De donde se puede observar que los milagros no fueron hechos cuando los hombres lo requerían o cuando los instrumentos le agradase, sino de acuerdo a la voluntad de Dios sobre ocasiones especiales y de paso, que fuese evidente que Dios fue el obrador de esos milagros, y no que eran para buscar reputación, más bien para establecer el testimonio divino. Así no se perdería la majestad de Dios.

Las profecías. El cumplimiento de las profecías y los juicios es como si Dios ha hecho la Palabra una regla de procedimiento, y como si el gobierno del mundo fuese manejado por las Escrituras. Las profecías de la Biblia son fielmente cumplidas: “Decidnos lo que ha de venir después, para que sepamos que vosotros sois dioses” (Isa.41:23); un hombre puede predecir cosas que dependen de causa naturales, como la lluvia, el viento, la nieve, el calor, el frío, los eclipses. Pero la Biblia predice cosas que dependen de la voluntad de Dios o de la voluntad del hombre; tal como el rechazo de los judíos y el recibimiento de los gentiles; la destrucción de Jerusalén; el surgimiento del papado, y otros.

Las Escrituras no sólo son un registro del pasado, sino también de lo que va a suceder. Sus promesas son cumplidas: “He aquí que yo estoy para ir por el camino de todo el mundo. Reconoced, pues, con todo vuestro corazón y con toda vuestra alma que no ha fallado ni una sola palabra de todas las buenas promesas que Jehová vuestro Dios os había hecho. Todas se han cumplido para vosotros; no ha fallado de ellas ni una sola palabra” (Jos.23:14).

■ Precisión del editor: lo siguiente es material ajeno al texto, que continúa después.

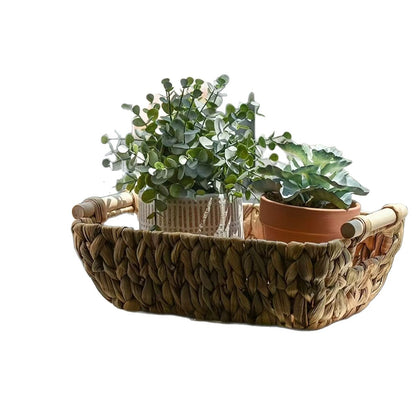 Decorative toilet paper basket Acalora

Hay aquí dos hechos que hablan de esta veracidad; que Josué estaba próximo a morir y por tanto no se supone que estuviese engañando, y el otro que apela a la experiencia de que sabían que Dios había sido fiel en cumplir lo prometido.

De manera que el testimonio externo de la Biblia, la difusión, los milagros, sus promesas, confirman que ella es la Palabra de Dios.